Taşların ve Ağaçların Dile Geldiği Gün

Rasûlullah Efendimiz (s.a.v.), kıyamet alametlerinden bahsederken öyle bir manzara tasvir eder ki, akıllar ve kalpler titrer: "Müslümanlarla Yahudiler savaşmadıkça kıyamet kopmayacaktır. Müslümanlar onları öldürecek, öyle ki Yahudi bir taşın, bir ağacın arkasına saklanacak; taş ve ağaç, 'Ey Müslüman, ey Allah'ın kulu! Arkamda bir Yahudi var, gel ve onu öldür!' diye seslenecektir. Ancak garkad ağacı bundan müstesnadır; çünkü o Yahudilerin ağacıdır." (Müslim, Fiten, 82).

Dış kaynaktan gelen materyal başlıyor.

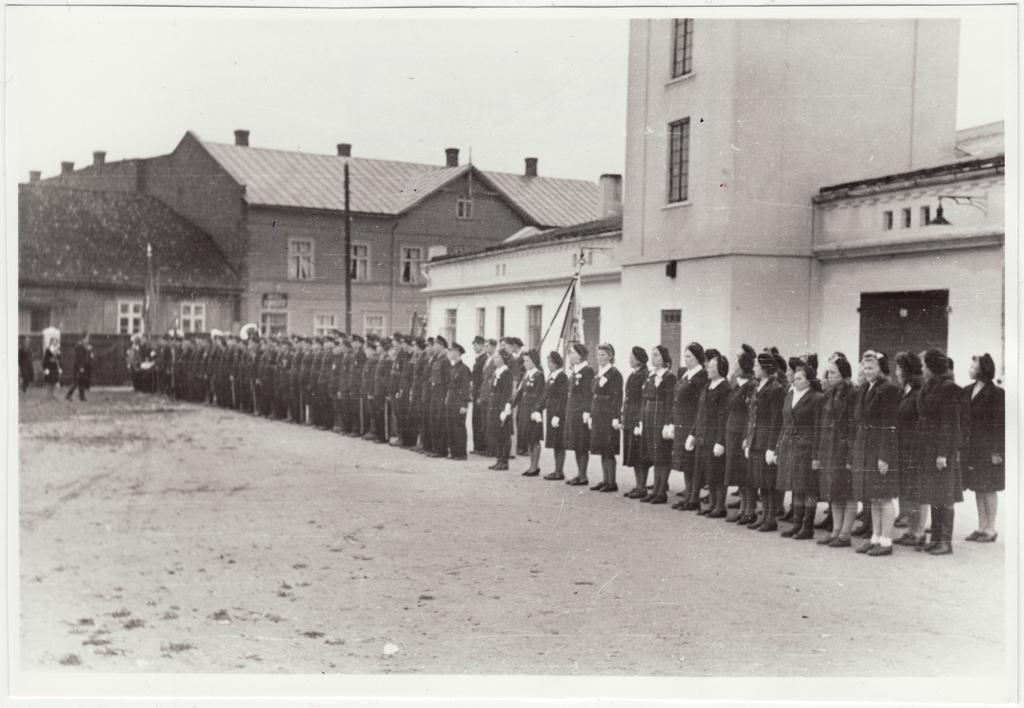 Viljandi VTÜ 80 aastapäev, ühingu liikmete rivi pritsimaja ees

Bu hadis, asırlarca Müslümanların zihninde sadece bir "gelecek sahnesi" gibi durdu. Fakat bugün, Gazze'de, Aksa Tufanı sonrasında akan kanlar, işlenen cinayetler, çocukların ve masumların vahşice katledilişi bu hadisin hakikatine bizi hiç olmadığı kadar yaklaştırıyor. Dünyanın gözü önünde işlenen bu zulme rağmen sessizlik hâkim. Lakin aynı zamanda, insanlığın vicdanında büyük bir uyanış da görülüyor. Artık Yahudi Siyonizminin maskesi düşüyor, gerçek yüzü ortaya çıkıyor. Dün İsrail'e kayıtsız şartsız destek veren nice ülkelerde bile halkın sesi yükseliyor, meydanlarda "Kahrolsun İsrail" sloganları yankılanıyor.

Hadiste geçen "taşların ve ağaçların dile gelmesi" ifadesi, mecazi bir işaret olarak da okunabilir. Bugün sosyal medyanın diliyle, kameraların şahitliğiyle, dünyanın dört bir yanında vicdanların haykırışıyla sanki taşlar ve ağaçlar dile geliyor. Zulmün üzerini örtmeye çalışan medya tekellerine rağmen gerçekler ifşa oluyor, mazlumun feryadı bastırılamıyor. Yahudi zulmünden bıkmış bir dünyanın isyanı, artık taşları konuşturuyor.

Rasûlullah'ın haber verdiği bu manzara, sadece savaşın değil, aynı zamanda hakikatin apaçık ortaya çıkmasının bir tasviridir. Allah'ın koyduğu sünnetullah değişmez: Zulüm yükselirse, mazlumun duası da arşa yükselir. Bir noktadan sonra taş bile, ağaç bile mazlumun yanında saf tutar. Çünkü zulüm sürdürülebilir bir şey değildir; fıtrat isyan eder, tabiat isyan eder, insan vicdanı isyan eder.